海ドラの黄金期といわれ、全米TVネットワークではこの2~3年にわたり、特に速いペースで入れ替わり立ち替わり新番組が登場してきた。しかし、その中でも『Empire 成功の代償』ほど全米を夢中にさせたドラマは、近年でも稀な存在だ。
毎年大手スタジオ各社が、その年デビューの新番組を初披露する「LAスクリーニング」というイベントがある。1日に10本近くの新番組を5日間に渡って試写するという持久走のようなイベントなのだが(笑)、この筆者はラッキーにも去年5月のLAスクリーニングで『Empire 成功の代償』を試写させていただいた。イベントを通して30本近く試写した新番組の中で、この作品ほど大ヒットを予感させた作品はなかったことをよく覚えている。

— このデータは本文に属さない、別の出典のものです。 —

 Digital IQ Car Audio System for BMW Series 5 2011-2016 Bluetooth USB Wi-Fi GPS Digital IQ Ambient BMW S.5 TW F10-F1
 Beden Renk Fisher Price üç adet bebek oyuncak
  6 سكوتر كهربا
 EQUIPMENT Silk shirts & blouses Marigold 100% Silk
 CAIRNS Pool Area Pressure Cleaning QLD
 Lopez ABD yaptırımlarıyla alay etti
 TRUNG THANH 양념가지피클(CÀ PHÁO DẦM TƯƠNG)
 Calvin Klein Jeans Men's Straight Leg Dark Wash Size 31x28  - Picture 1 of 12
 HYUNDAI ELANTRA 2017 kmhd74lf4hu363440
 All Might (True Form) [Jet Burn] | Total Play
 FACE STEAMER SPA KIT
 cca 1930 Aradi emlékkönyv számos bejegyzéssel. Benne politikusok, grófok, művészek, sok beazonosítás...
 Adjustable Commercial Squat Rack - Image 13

視聴率が悪ければシーズン途中でも容赦なくカットされる全米ネットワーク界。その熾烈な戦いの中で今年1月のデビュー以来、エピソードごとに毎週視聴率を押し上げ、先日放映されたシーズン1最終回では2014~2015年初期の視聴率ナンバーワンに輝く快挙を成し遂げた。(注釈:この結果にはアメフト優勝決定戦の「スーパーボウル」直後に放映され、その恩恵を受けた『ブラックリスト』の視聴率は含まれていない。)ドラマ初回の視聴率と比較すると、なんと80パーセントの上昇率となっており、専門家の分析によると、この数値は稀な現象だという。一体この番組の魅力とはなんなのだろう?

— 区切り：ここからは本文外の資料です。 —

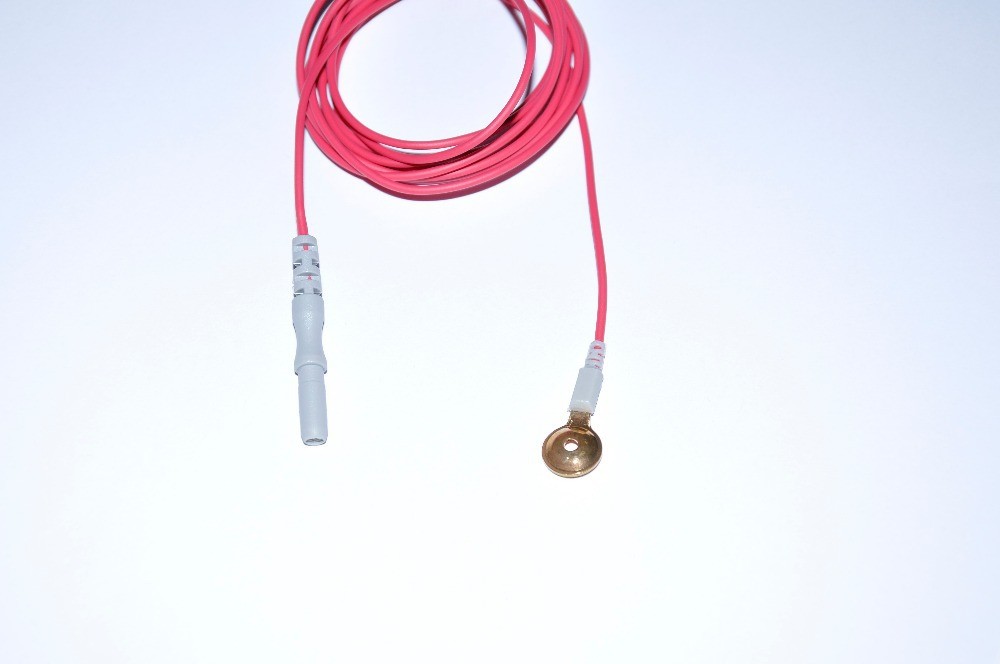 Accurate EEG Data Channel Monitoring Sintered Silver Silver Chloride Electrodes For Clinical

TVドラマ『24 -TWENTY FOUR-』シリーズをはじめ、数々の人気映画を手がけた敏腕プロデューサーのブライアン・グレイザーが製作総指揮、映画『プレシャス』でアカデミー監督賞候補となったリー・ダニエルズが企画・監督・製作総指揮を務める『Empire』は、彼らが率いる最強製作チームと、それにふさわしい強力キャストが演じる一癖も二癖もあるユニークな登場人物たちの織りなす物語がいちばんの魅力。

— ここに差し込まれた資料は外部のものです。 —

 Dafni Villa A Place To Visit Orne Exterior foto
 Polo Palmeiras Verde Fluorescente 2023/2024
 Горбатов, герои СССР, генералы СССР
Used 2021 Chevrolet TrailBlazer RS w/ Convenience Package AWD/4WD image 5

ドラマの舞台となるのは、現在の音楽業界の中心ジャンルともいえるヒップポップ業界。スラム街でギャングを率いてサバイブしてきたルシウス・ライオンは、たぐい稀な音楽の才とやり手の妻クッキーが払った犠牲の上に独自のミュージック・レーベルEmpireを築き上げてきた。"帝国"を意味するEmpireは、次々とライバルを排除、或いは買収して今では音楽業界の帝王となっていた。そんなある日ルシウスは、医者からALS(筋萎縮性側索硬化症)であること告げられ、余命いくばくもないことを知り愕然とする。自分の築き上げた"帝国"を存続させるためには、3人の息子の誰に継承すべきか? 利害関係が絡み、父子関係はもとより兄弟関係にも亀裂が走り出した矢先、元夫ルシウスの罪をかぶって服役していたクッキーが17年ぶりに出所してくる。自分を犠牲にしてまでルシウスの成功を支えた挙げ句、夢のEmpireに自分の居場所がないことを知ったクッキーは怒り狂う。断固として自分の取り分を奪い返すべく、クッキーの戦略的な復讐がはじまる。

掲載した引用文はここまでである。